Una vez llegado al Monte Calvario, el mismo lugar donde antes fue crucificado Jesús, nuestro Señor, Santiago fue atado a unas piedras, le vendaron los ojos y lo decapitaron.

La tradición también relata que los discípulos de Santiago recogieron su cuerpo y lo trasladaron a Galicia (extremo norte-oeste de España).  Sin embargo, la historia de los huesos del Apóstol no acaba aquí. Una vez descubiertas y honradas con un templo cristiano, las reliquias no pararon quietas mucho tiempo. Según la tradición oral, en el siglo XVI tuvieron que ser escondidas para evitar la profanación de los piratas que amenazaron la ciudad compostelana tras desembarcar en el puerto de A Coruña (mayo de 1589). Las excavaciones llevadas a cabo a finales del siglo XIX, al perderse la pista de los restos de Santiago, revelaron la existencia de un escondite -dentro del ábside, detrás del altar principal, pero fuera del edículo que habían construido los discípulos- de 99 centímetros de largo y 30 de ancho, donde se ocultaron, y se perdieron, durante años, los huesos del Apóstol. En 1884 el papa León XIII reconoció oficialmente este segundo hallazgo. Sus restos mortales están, pues,  en la basílica edificada en su honor en Santiago de Compostela.

 

4.     La Iglesia debe estar formada por seguidores de Jesús como Santiago,  verdaderos cristianos, que estén dispuesto de verdad a seguir por amor a Cristo Jesús, que puedan dejar de lado sus intereses personales, que puedan trabajar silenciosamente por un mundo más cristiano, humano, compasivo, misericordioso, evangélico. Cristo Jesús, necesita seguidores que puedan imponerse y sean ejemplo por su calidad de servicio, por su fraternidad y amor a sus hermanos. La Iglesia tiene una enseñanza y un modelo a seguir, ese es Jesús, lo suyo fue servir y dar la vida, así es como es El lo primero y lo más grande de todo, Jesús, no ambiciono ningún poder, no se arrogo ningún título. Y así le siguió Santiago, así hemos de seguirle nosotros.

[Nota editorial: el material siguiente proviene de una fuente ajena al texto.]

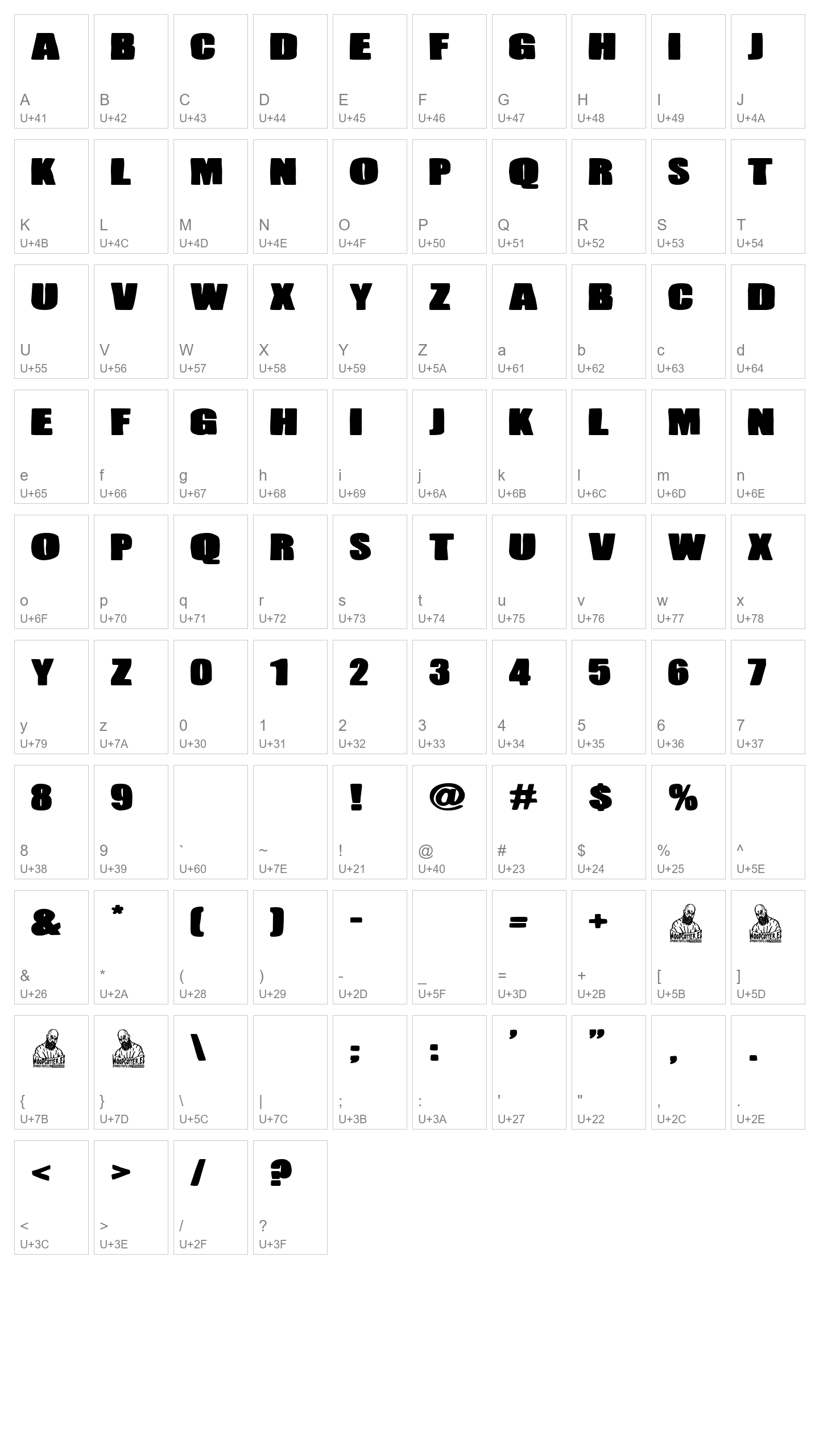 Character Map Image
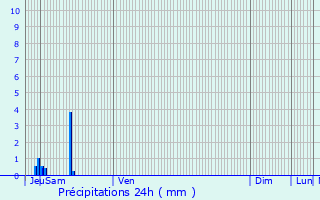 Graphique des précipitations prvues pour Peyrins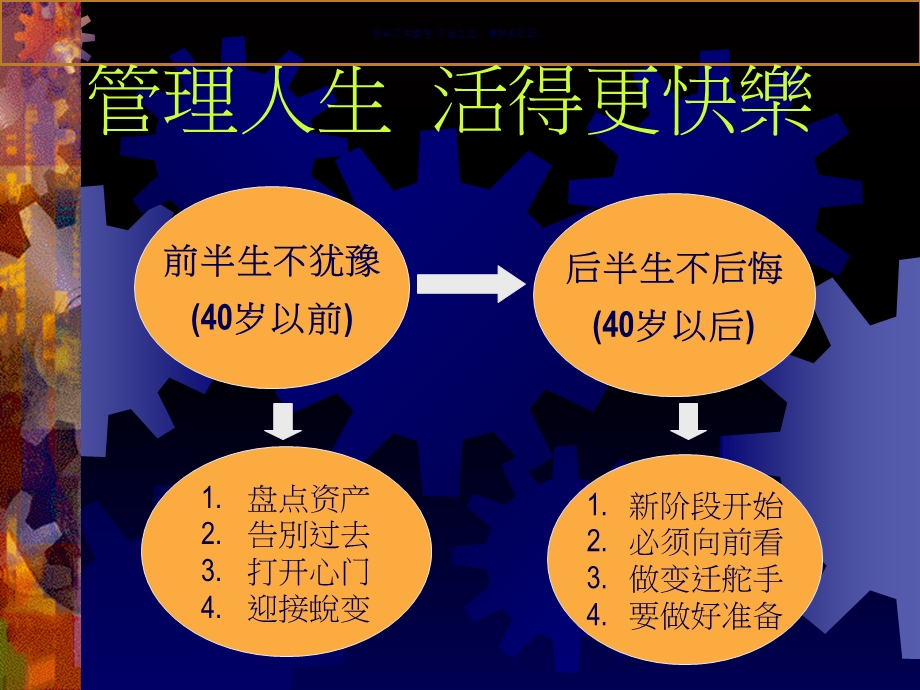 大学生职业生涯规划医学知识讲座课件.ppt_第1页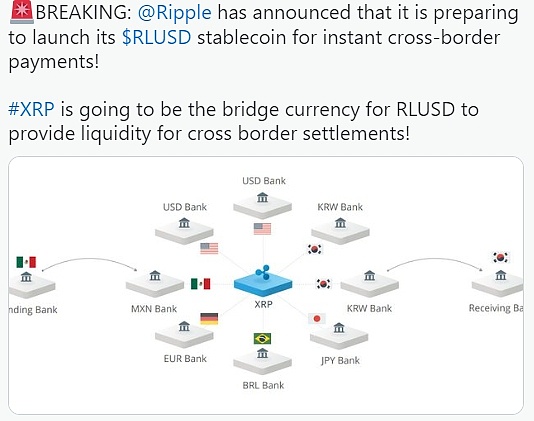 Ripple XRP账本集成Dia的Lumina预言机服务，重塑跨境金融的未来潜力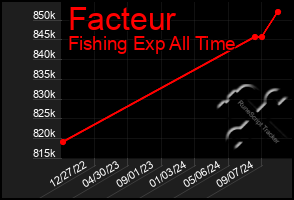 Total Graph of Facteur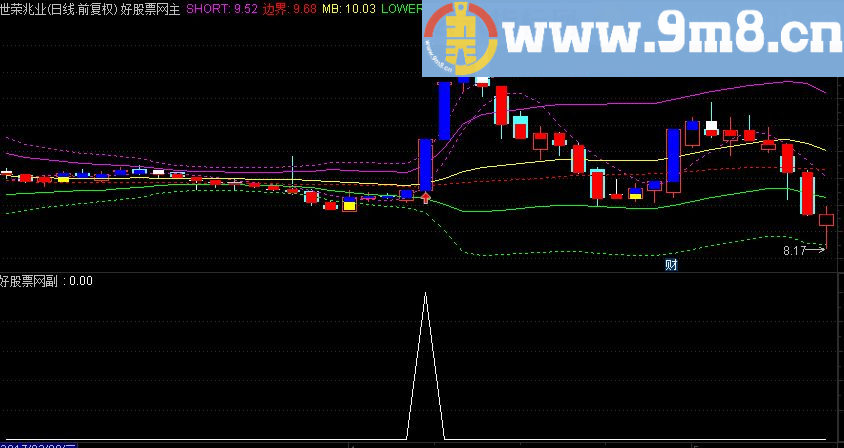通达信BOLL变异修改源码 上涨红色箭头选股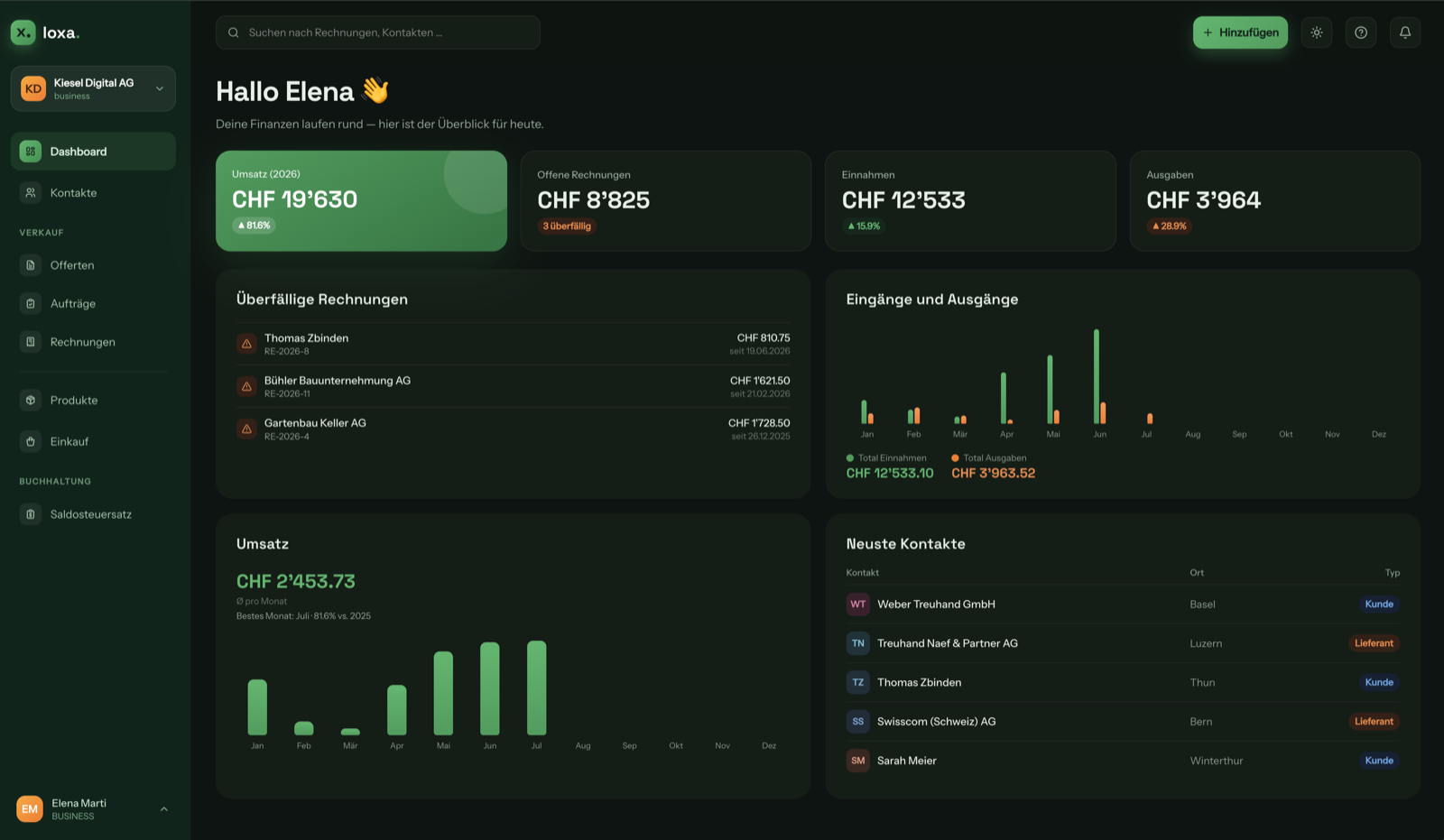 Finox Dashboard mit Umsatz, offenen Rechnungen und Übersicht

Digamos, pues, al Señor en esta fiesta: “Señor, mi vocación de discípulo y misionero es una vocación al servicio. Ayúdame a rezar, a predicar, a sacrificarme para que Tú seas más amado. Dame tu gracia para poder caracterizarme por el servicio abnegado y eficaz del prójimo. Vivir con plenitud, con profundidad procurando que todas mis obras se caractericen por el servicio generoso.